By Mark Sheaves
In 1554 Mary Tudor Queen of England married Prince Phillip II of Spain, uniting the two crowns for four fascinating years until Mary’s death in 1558. In Philip of Spain, King of England, Harry Kelsey explores the rise and fall of this dynastic alliance in the context of the Reformation era. By highlighting this union, he demonstrates that sixteenth-century Anglo-Spanish relations were not simply dominated by religious difference, piracy, and imperial rivalry. For a brief period at least the histories of England and Spain were not only deeply entangled, but wedded together.
Structured as a dual biography of Mary and Philip, Kelsey focuses on the importance of the childhood experiences of his two protagonists for shaping their actions as monarchs, both as individuals and a married couple. He emphasizes their very different relationships with their famous fathers. Groomed as an heir to the throne, Philip enjoyed a stable youth and learned the necessary tools to manage the world empire he would inherit from his father, Charles V. Touring the imperial kingdom instilled an ambitious streak in the young prince.
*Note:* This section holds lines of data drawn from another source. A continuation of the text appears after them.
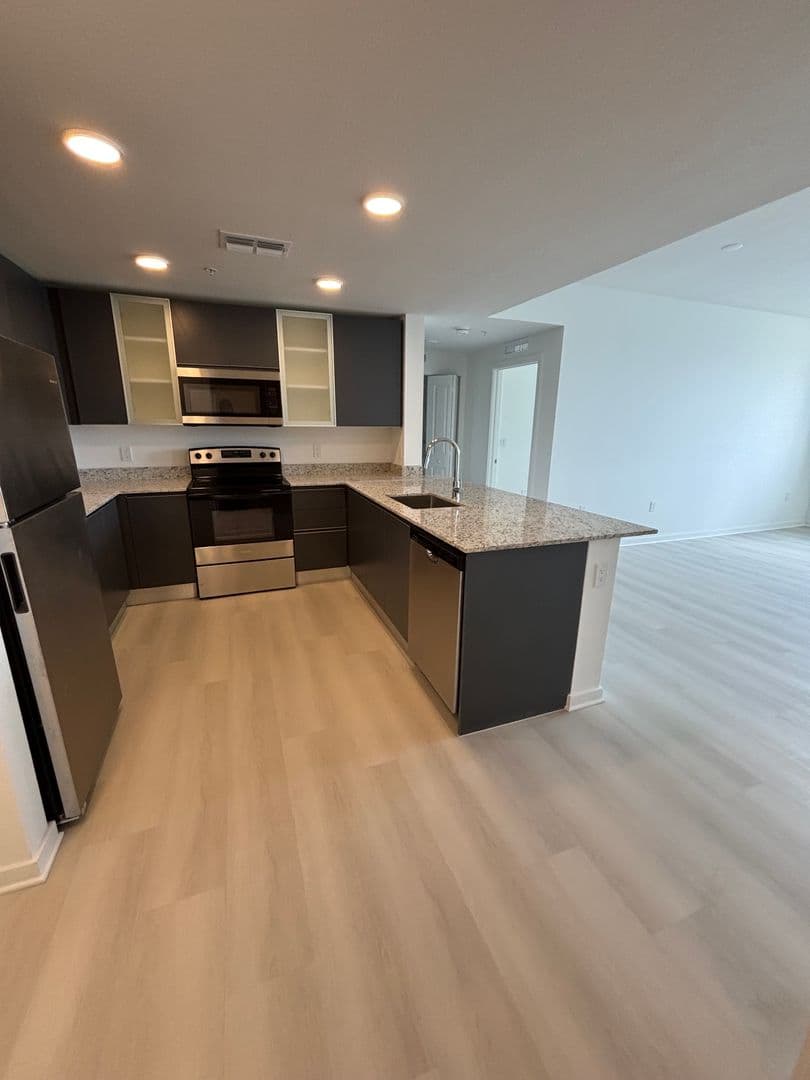 Orlando House: 5579 Millenia Park Blvd.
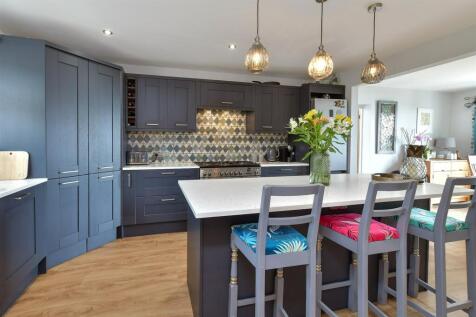 Kitchen/ Dining Room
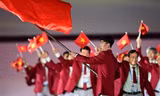 Kình ngư Huy Hoàng được chọn cầm cờ cho đoàn thể thao Việt Nam tại SEA Games 32. 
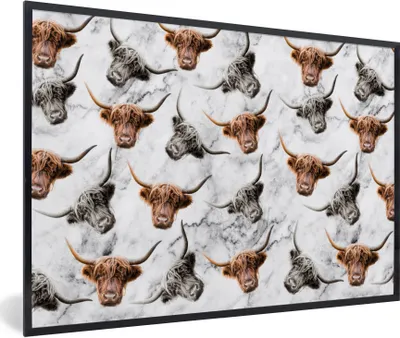 Produktbild von MuchoWow® Gerahmtes Poster Schottischer Highlander - Marmor - Tiere 90x60 cm - Poster mit Schwarzem Bilderrahmen Wandposter Rahmen Foto Bilder - Fotorahmen - Foto-Plakat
Throughout the time he ruled the provincial kingdom of England, Philip remained focused on bigger prizes on the continent. He never learned English and envisioned England’s future as part of a united kingdom with the Netherlands to counter the threat of France in northern Europe. In contrast, Mary’s father, Henry VIII, banished her from court at a young age after he annulled his marriage to her mother, Catherine of Aragon; another Anglo-Spanish royal marriage. This left Mary ill prepared for rule, isolated from European matters, and resolutely Catholic. The goal of returning Catholicism to England dominated her reign, and motivated her decision to marry Phillip. These formative experiences, Kelsey argues, shaped the policies employed during their marriage.
This clearly written book provides a window onto the complexities of European dynastic politics that led to the brief union between England and Spain, and the barriers that prevented its success. Philip and Mary received marriage proposals from various kingdoms and decisions depended on political gains. During the marriage, the English parliament’s unwillingness to agree to a coronation ceremony ultimately restricted Philip’s ability to govern England and he was never officially confirmed as King. Lacking an heir and preoccupied with defeating France, Philip spent most of the period 1556-1557 abroad. Following Mary’s death and the accession of the firmly Protestant Elizabeth I, this short alliance between the two crowns ended.
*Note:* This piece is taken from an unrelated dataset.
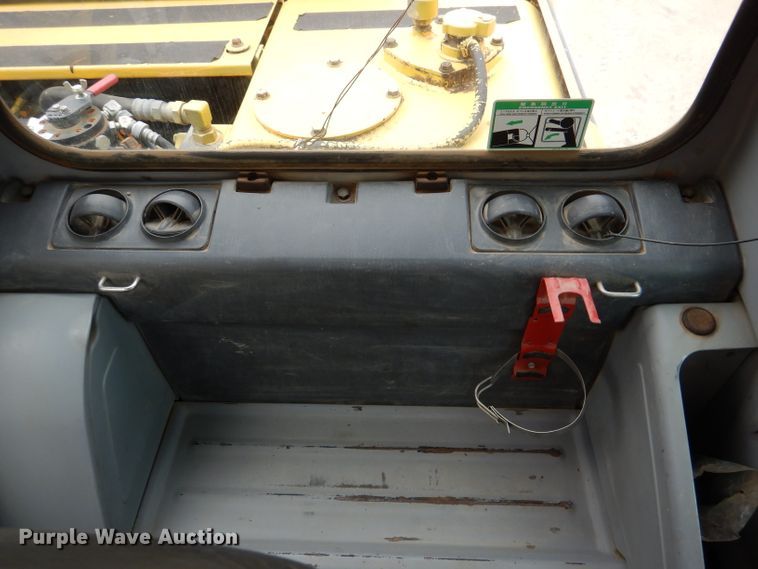 image for item DM1263 2005 Komatsu PC400LC-7L  excavator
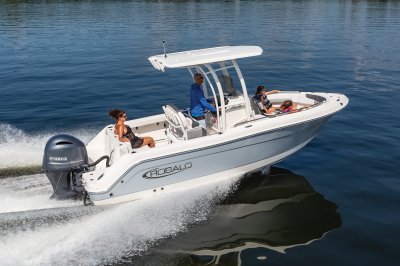 Robalo R222EX Running Starboard View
While there were limits to Philip’s power in England, Kelsey’s study demonstrates he did play an important role in shaping developments in England during his reign. He helped Mary to stabilize the country and re-establish relations with the Pope. The author emphasizes that through the Privy Council, King Philip of England showed a willingness to engage with English politics and left a lasting impression.
The weakness of the book lies in the lack of depth afforded to other important individuals, the populations of both England and Spain, and important themes from this period. Henry VIII, for example, appears as an irrational sex-addict simply making “rash moves.” Philip’s religious zeal and his central role in promoting increased persecution of Protestants receive barely a line. Kelsey does not offer insight into the reactions of the crowds of people who greeted the new royal couple during their marriage tour of the English towns. It would have been wonderful to include some information on the reception of the marriage by a wider range of individuals, although this may have distracted from the biographical focus on the two main protagonists.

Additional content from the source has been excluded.